Aaron, and others like him, are not the norm. Unlike most people who can tolerate disagreement, they can become irritable, angry, or worse when their expertise is challenged. Unfortunately, this makes it nearly impossible for them to learn because the learning process isn’t only about adding to what we know. Sometimes, we must let go of what we thought was true but have new information that tells us it isn’t.
However, it can be difficult to let go of beliefs, even for people who aren’t easily provoked, like Aaron. This is especially true when colleagues argue against abandoning or even challenging, accepted knowledge. For example, the economist Richard Thaler, Ph.D., winner of a Nobel Prize, has been criticized by colleagues for his work, which challenges long-held economic theories.
Some decisions don’t need deliberate thought, like choosing what flavor ice cream to buy. Deconstructing a decision like what flavor to get would be tedious and take the fun out of it. However, when decisions involve significant risk, it is worth it to think about thinking and challenge our beliefs and assumptions. Frameworks, such as “Outside-in and Inside-out,” can be helpful.
Outside-in asks what outsiders think of your business. For example, one executive I worked with, Valerie, a banker, said, “Our customers don’t love us, but we seem to think we know what we’re doing. My team says all the right things, and I believe their intentions are good.” However, she admitted that she was annoyed by some people on her team who repeated phrases such as “customer experience” but didn’t understand it.
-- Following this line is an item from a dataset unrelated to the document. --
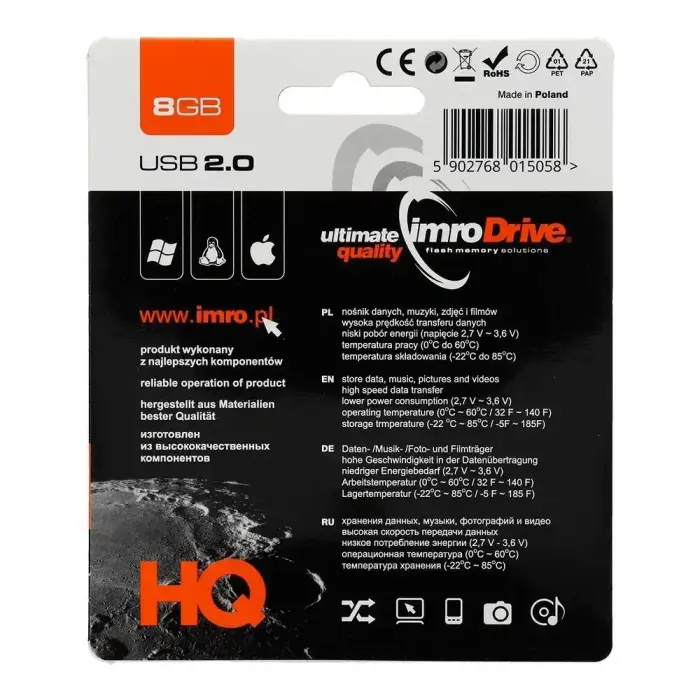 IMRO pendrive AXIS 8GB USB2.0 Foto 2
She called this “The ontology of the parrot.” It would be funny if she weren’t right.
Valerie realized she needed to understand the perspective of people outside her organization. So she commissioned a study and included people within the bank but outside of her team as well as customers and suppliers. The results of the study gave her an outside-in view based on data.
Inside-out asks how you think others see you and your team. While feedback was gathered from outsiders, a similar process was launched for those inside her organization. The results showed that people didn’t think they were doing an excellent job for several reasons. The top three reasons given were scarce resources, inadequate technology, and inconsistent management. In addition, Valerie learned that people felt constrained by a bureaucratic culture that prevented them from offering ideas about how to improve.
The feedback indicated that, despite the assurances of her leadership team, others viewed the organization as careless and unresponsive. Once Valerie had this information, she needed to use it. She knew that asking for feedback but failing to do anything with it is worse than not asking. Valerie also recognized her responsibility for the situation. So instead of spinning the data, she decided to take the opportunity to show others that facing awful news is better than ignoring it, even when it is embarrassing.
Valerie’s approach proved effective to make specific improvements and started a practice that became widespread. Her team dubbed the procedure “Shutting down the parrot.” Not only was the method effective longer-term, but it had just enough humor in it to help everyone remember that decision traps happen to humans, even intelligent humans.
“If someone really is certain about something, they have almost certainly frozen their ability to change their minds when they need to.” Carol Tavris, Ph.D.
People in any role can over-rely on information that is no longer useful, without any intention or awareness. As a result, even very intelligent, successful people can step into traps that lead to poor decisions or serious mistakes. The best leaders do two things to minimize errors. First, they recognize their fallibility. Second, they utilize frameworks such as the “outside-in/inside-out” method to help them gather information, even if they think they already know the answer.